Nothing but the lines below from the one holding "Nonton Housemates Wfh: Wank" up to and including the one holding "51 RACEHORSE DR, Jonestown, PA 17038" should be copied, exactly and without pictures.

### Working data
+++
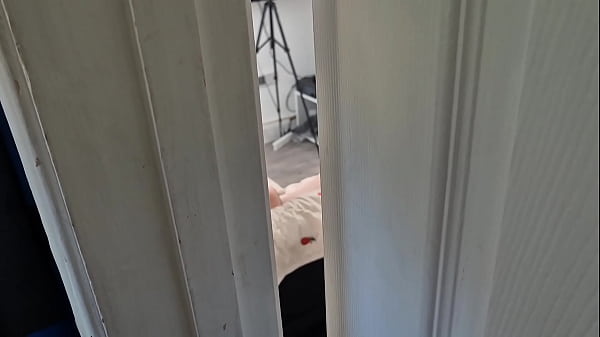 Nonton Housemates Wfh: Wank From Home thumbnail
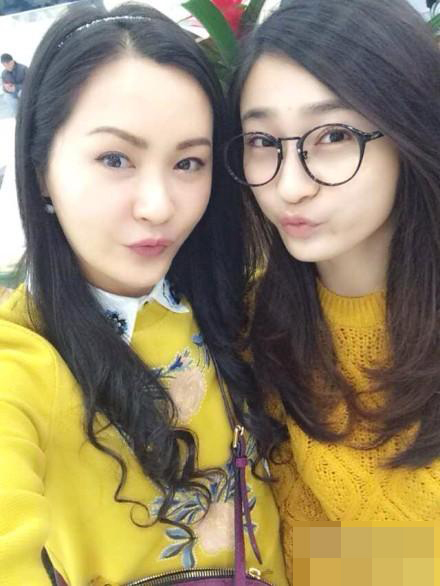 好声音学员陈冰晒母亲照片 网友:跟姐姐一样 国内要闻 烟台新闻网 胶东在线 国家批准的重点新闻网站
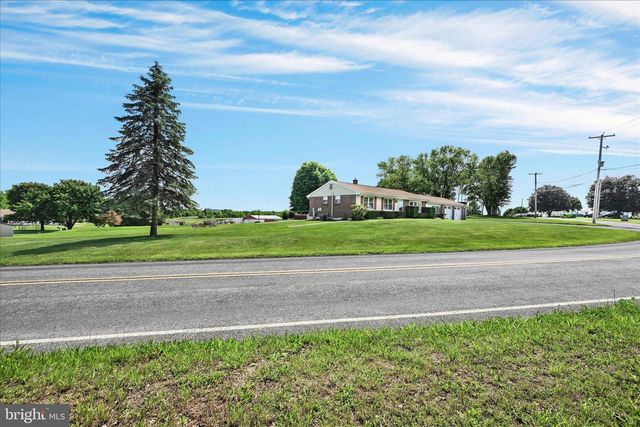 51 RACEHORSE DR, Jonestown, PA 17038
+++
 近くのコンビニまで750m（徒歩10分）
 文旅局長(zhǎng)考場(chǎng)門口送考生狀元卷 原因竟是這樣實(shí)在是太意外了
+++
### Answer box
 Nonton Housemates Wfh: Wank From Home thumbnail
 好声音学员陈冰晒母亲照片 网友:跟姐姐一样 国内要闻 烟台新闻网 胶东在线 国家批准的重点新闻网站
 51 RACEHORSE DR, Jonestown, PA 17038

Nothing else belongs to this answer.